História Let me play among the stars - Capítulo 3


Escrita por: TiaNeidi

Capítulo 3 - Capítulo III - Final


“Assim que viu o pré gozo surgir pela cabecinha, Madara não pode mais se segurar, descendo rapidamente do colo de Itachi e prendendo os lábios em seu pênis.”


 

Começou apenas chupando a cabecinha, pois imaginava que Itachi seria bem sensível ali. Mas não apenas isso. Madara tinha a necessidade de experimentar o sabor de Itachi em seus lábios.

Rodeou sua língua algumas vezes, saboreando bem e tentado guardar em sua mente cada detalhe de Itachi. Seus lábios entreabertos soltando a respiração pesada, os olhos fechados com força e sua sobrancelha franzida e as mãos, que provavelmente travava uma luta interna se seria correto segurar os seus cabelos e o obrigar a chuar de uma vez. Ah, poderia ficar observando-o por horas a fio.

Mas não conseguiria aguentar a própria ansiedade.

Separou-se do pênis de Itachi momentaneamente.

- Seu gosto é uma delícia, moleque!

Antes do sobrinho ter a chance de retrucar, Madara relaxou muito bem a própria garganta e, em apenas um movimento, colocou completamente o membro de Itachi em sua boca.

Itachi não pode segurar o gemido que saiu da sua boca assim que se sentiu bem fundo na garganta do tio. 

“Puta merda! Como essa boca pode ser tão fodidamente quente?” Se perguntou, enquanto suas mãos iam direto para o cabelo cheio de Madara. Sentia que tinha ido ao céu com aquela boca e, no momento seguinte, abriu os olhos e teve que se segurar muito para não gozar, só por ter deslumbrado o olhar depravado que Madara dirigia para si.

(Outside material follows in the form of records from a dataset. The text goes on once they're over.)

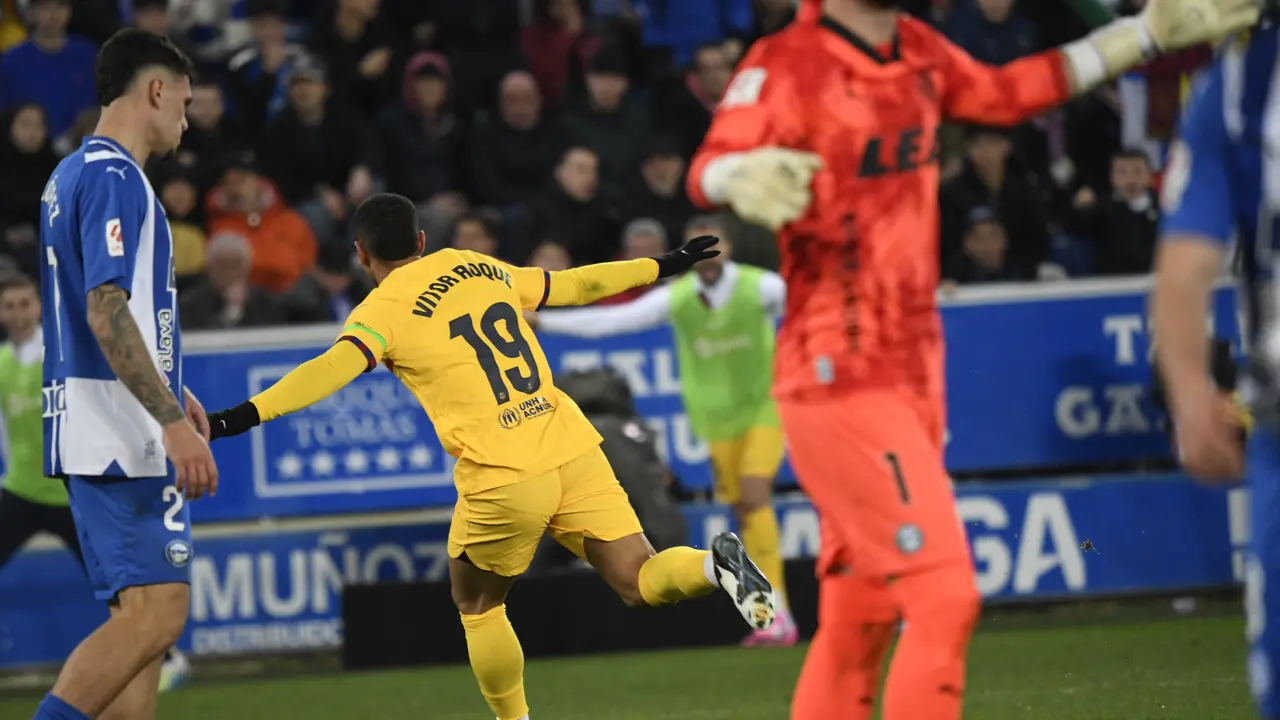 Selebrasi Vitor Roque saat Barcelona melawan Alaves di lanjtuan LaLiga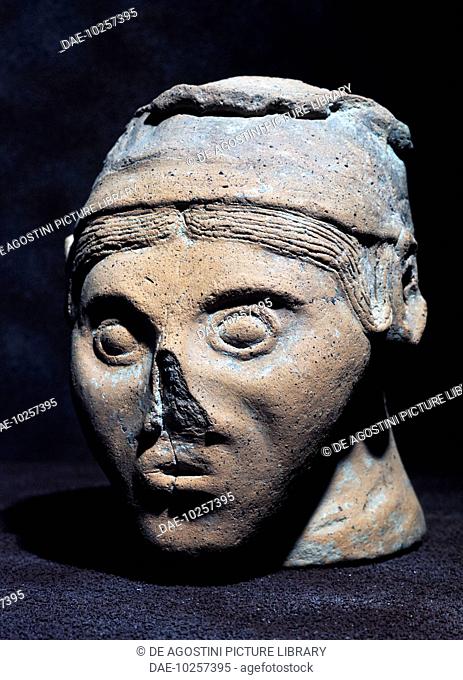Votive terracotta head from Carsoli, Abruzzo, Italy. Italic civilisation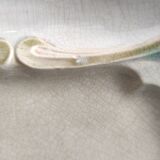 Set of 2 antique French fondue or artichoke plates in Majolica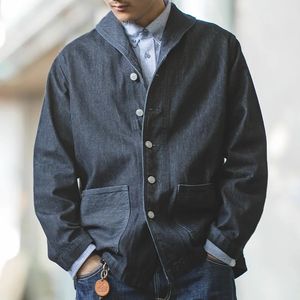 Men's Down Parkas Tooling Jackets Mens American Casual Blue Washed Denim Jacket Navy Amekaji Vintage streetwear Jacket 231021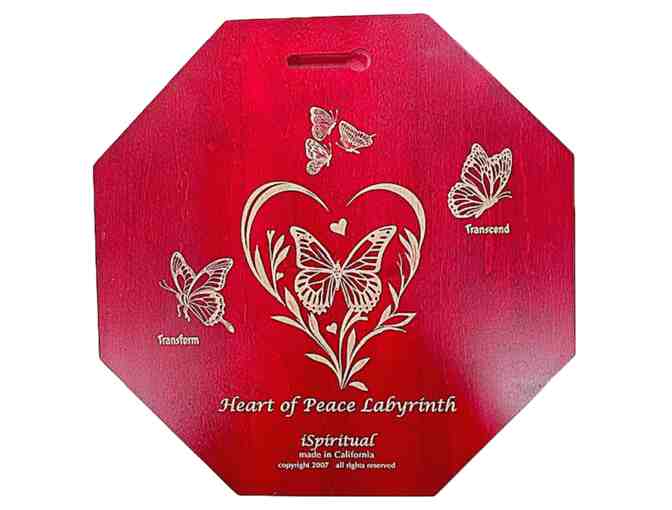 Red Stained Maple Heart of Peace | 11-inch
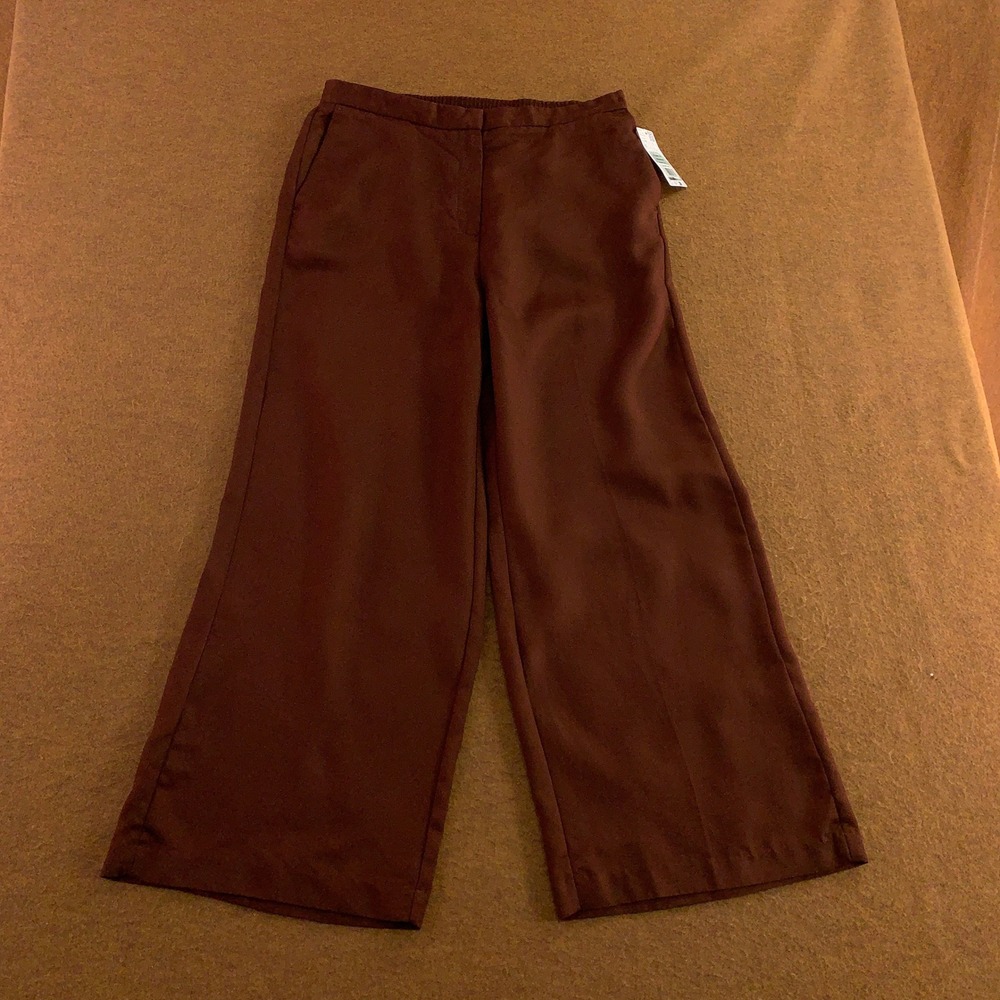Mango Woman 10 Brown Fluid Wide Leg Elastic Waist Trousers Pants NWT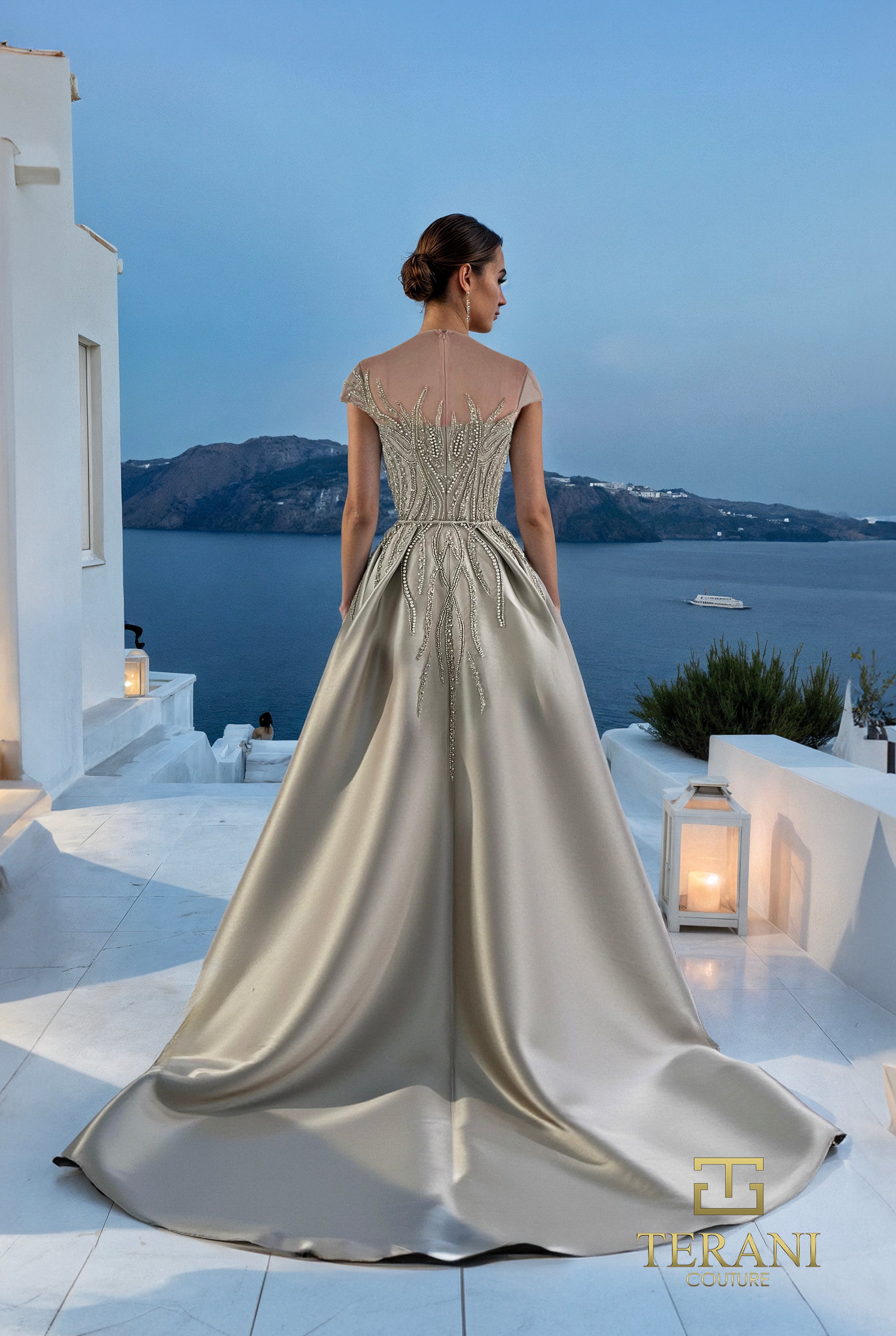 Illusion Neck Stretch Mikado Column Gown with Overskirt and Cap Sleeves - 261E6254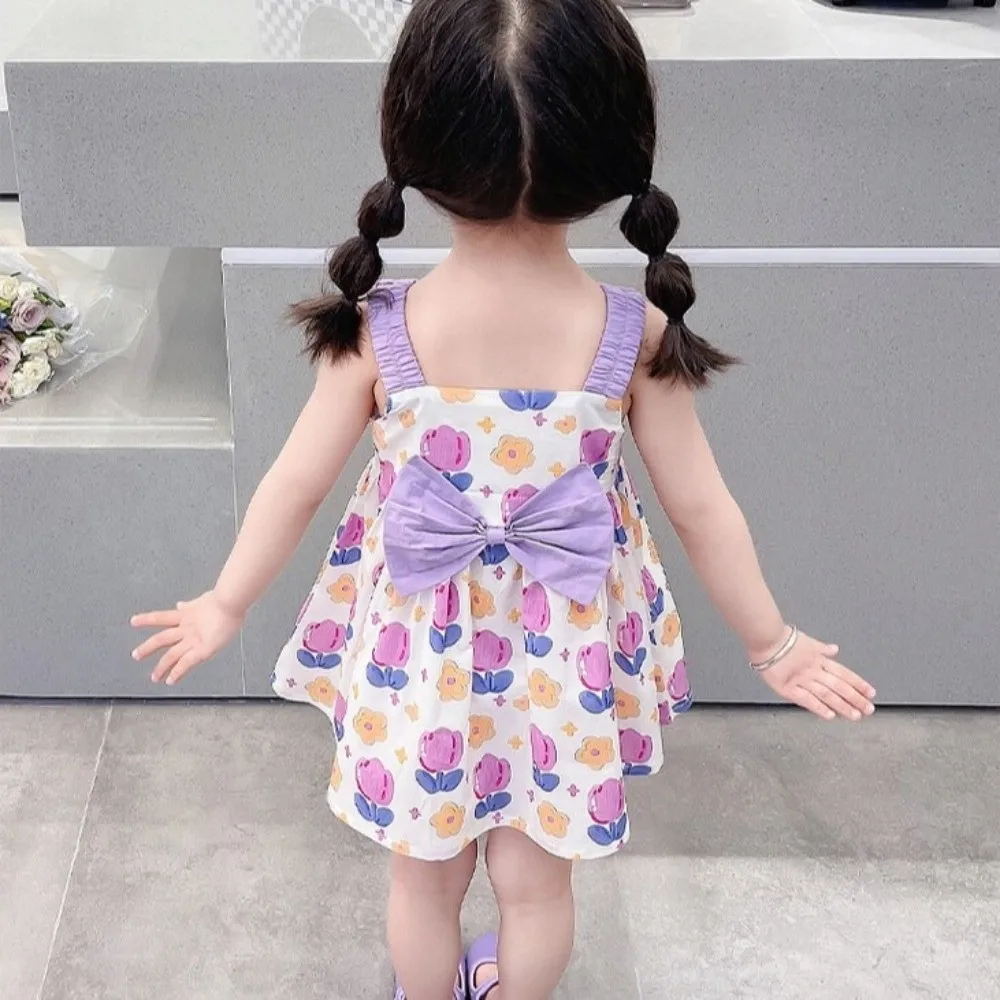 Princess Style Floral Baby Girls Beach Dresses Tulip Soft A-Line Dress Strapless Breathable Gown Dress Summer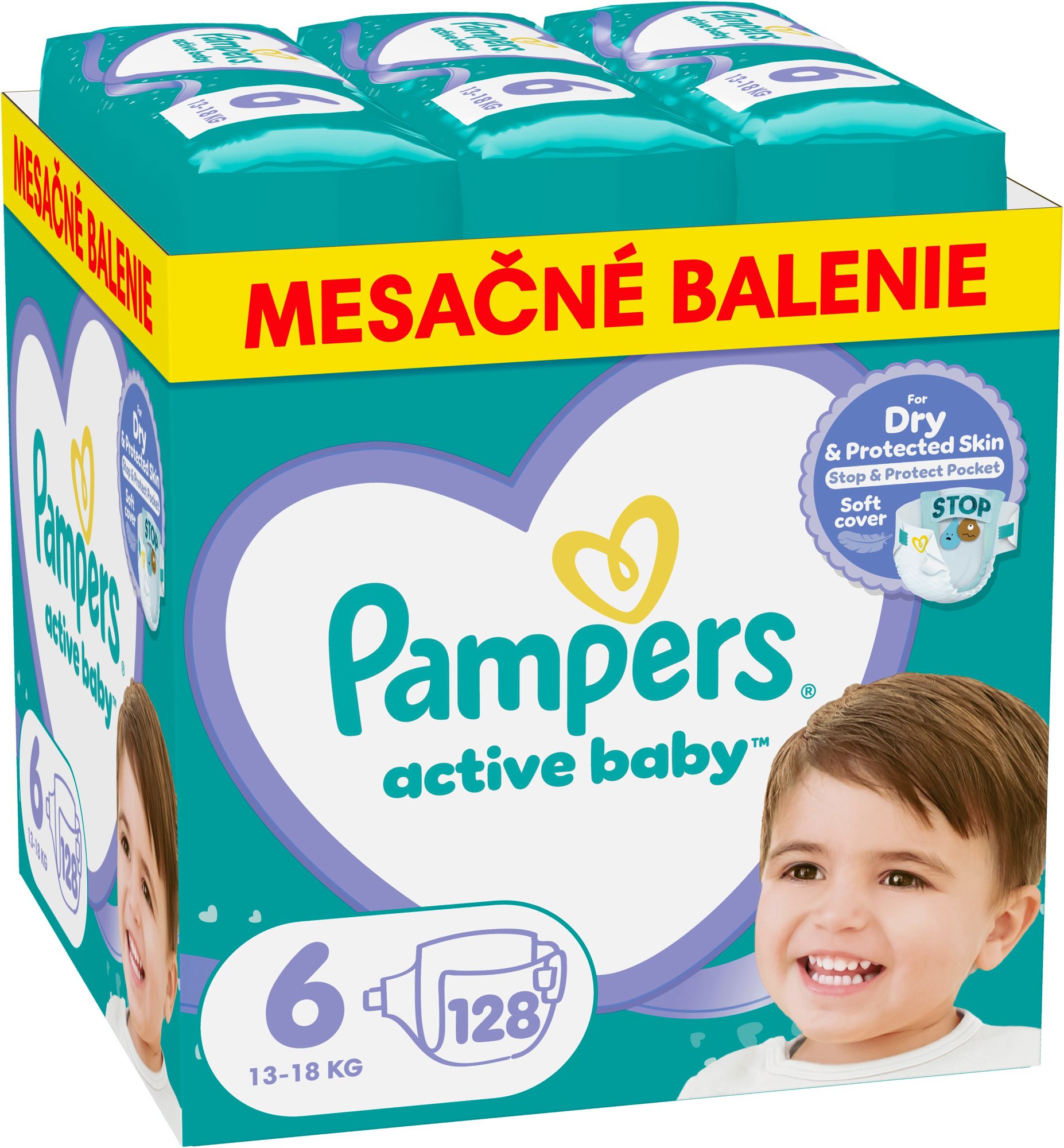 PAMPERS Active Baby veľkosť 6, Monthly Pack 128 ks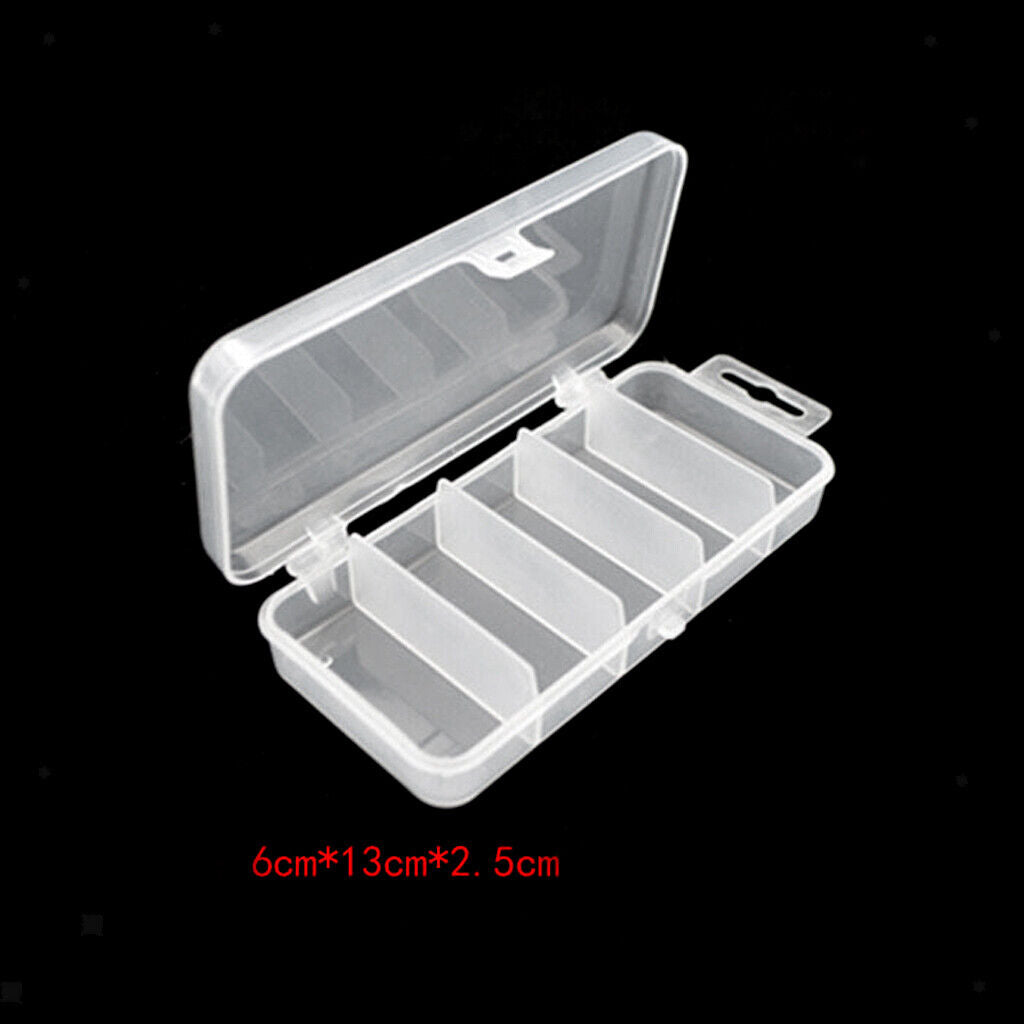 Plastic Fishing Tackle Box 5 Slot Bait Storage Case Fishing Tool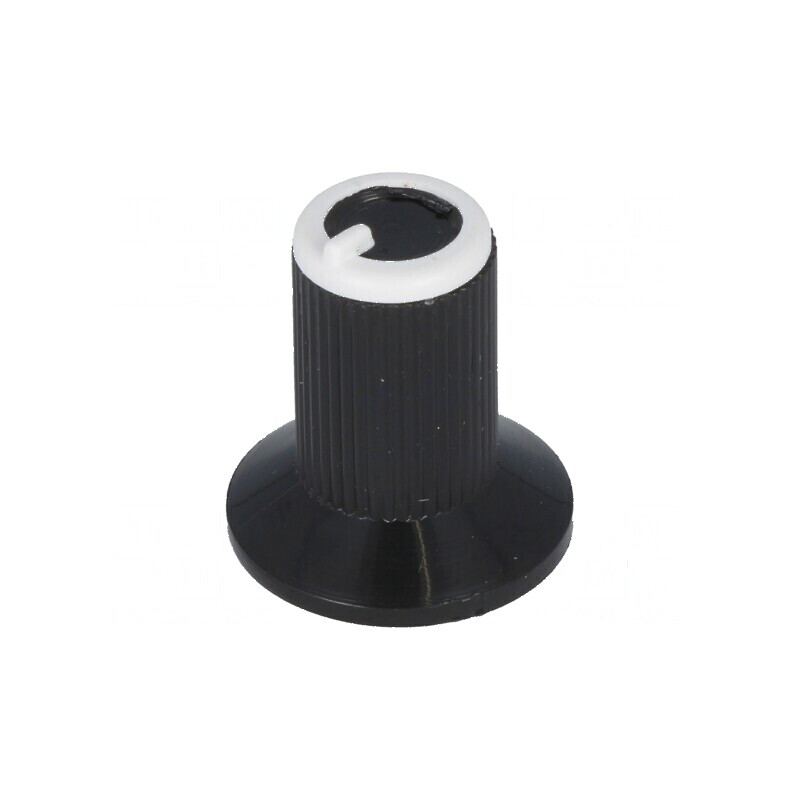 Buton rotativ cu flanșă plastic Ø6mm Ø10x19mm negru | Electronic-mag.ro | Componente Electronice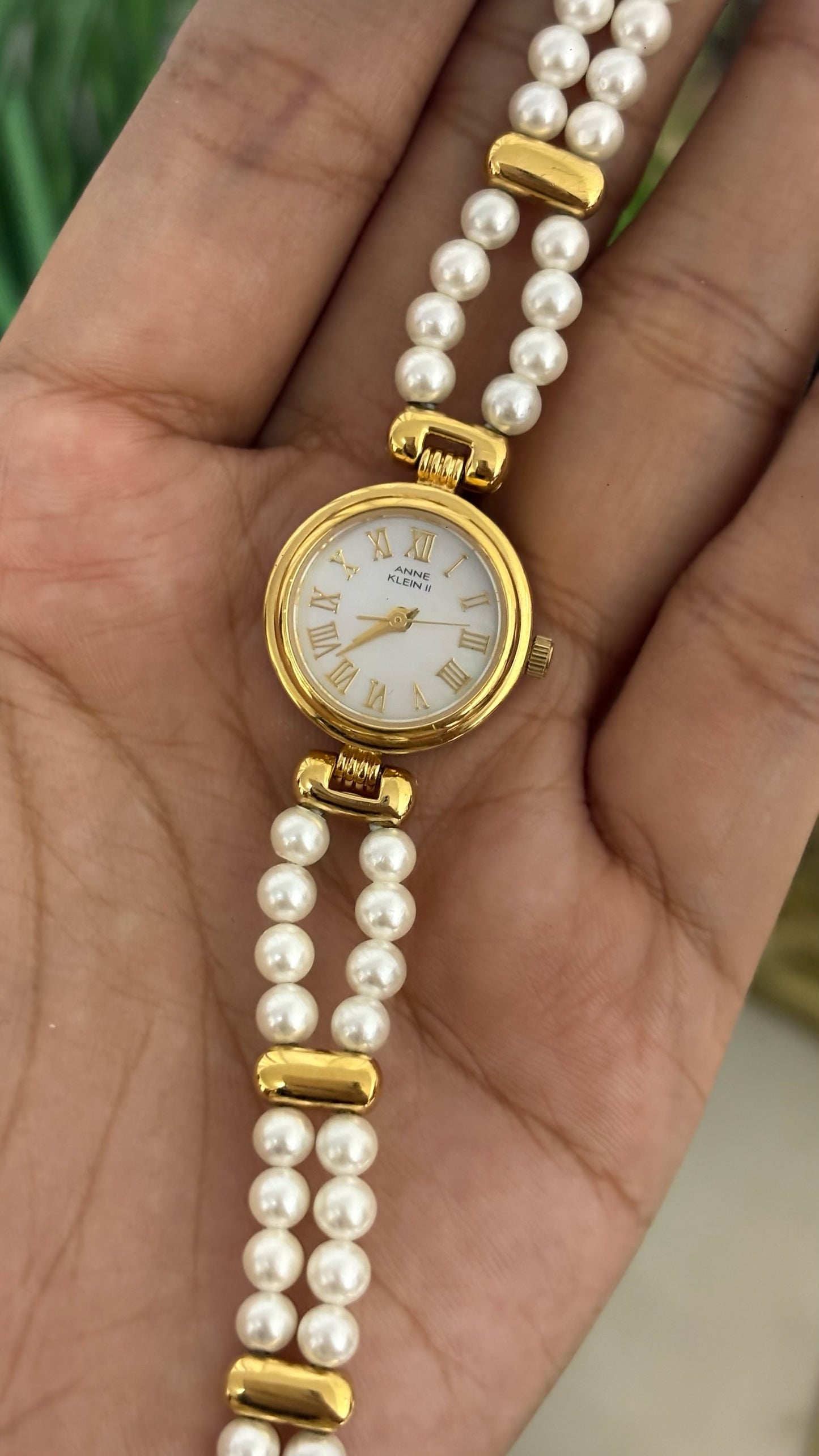 Extremely Rare Anne Klein II Pearl Bracelet Watch in Gold Tone Mother of Pearl Dial Quartz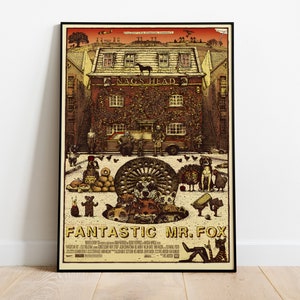 Póster de "El Fantástico Sr. Fox", lámina de película, arte mural, regalo para cinéfilos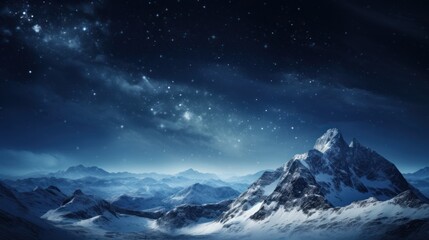 Snowy Mountain Wallpaper with Starry Sky AI Generated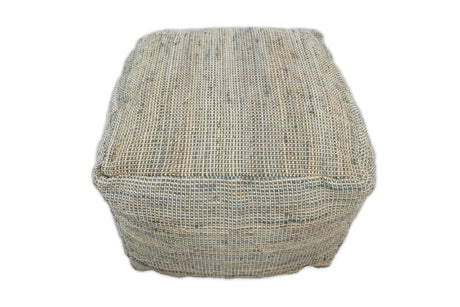 Hand Woven Boho Natural Large Gray and Brown Jute Pouf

Madara por sua vez, já havia iniciado o vai e vem, e mantinha os olhos fixos nos olhos de Itachi.

Não queria perder nenhuma expressão do mais novo.

Sua mão esquerda se dirigiu à nádega do sobrinho, mantendo um aperto forte e firme, enquanto que a mão direita se dirigia às bolas fazendo uma massagem imoral de tão gostosa.

Logo Itachi já não conseguia mais raciocinar.

- Mada...AH!… Madara-ah… Por  f-favor!

Madara, que nunca foi santo, imaginou o que estava por vir com aqueles gemidos que cada vez ficavam mais altos; assim como o aperto em seus cabelos.

Afastou-se por míseros segundos, apenas para molhar seus dedos com a própria saliva misturada ao pré gozo de Itachi.

- Quer gozar, hein? - Itachi não tinha forças para responder de forma coerente, apenas sacudiu a cabeça em confirmação. - Então me deixe te ouvir, goze e o faça bem fundo na minha garganta, moleque!

Dito isso, a cabeça de Madara afundou mais uma vez no baixo ventre de Itachi, e aproveitando o momento de loucura do mais novo, afiou os dois dedos que tinha molhado com saliva no buraquinho de Itachi.

Se antes Itachi não conseguia imaginar que pudesse sentir mas prazer, sentir aqueles dedos entrando de maneira bruta bem fundo em si o fez imaginar do que Madara era capaz.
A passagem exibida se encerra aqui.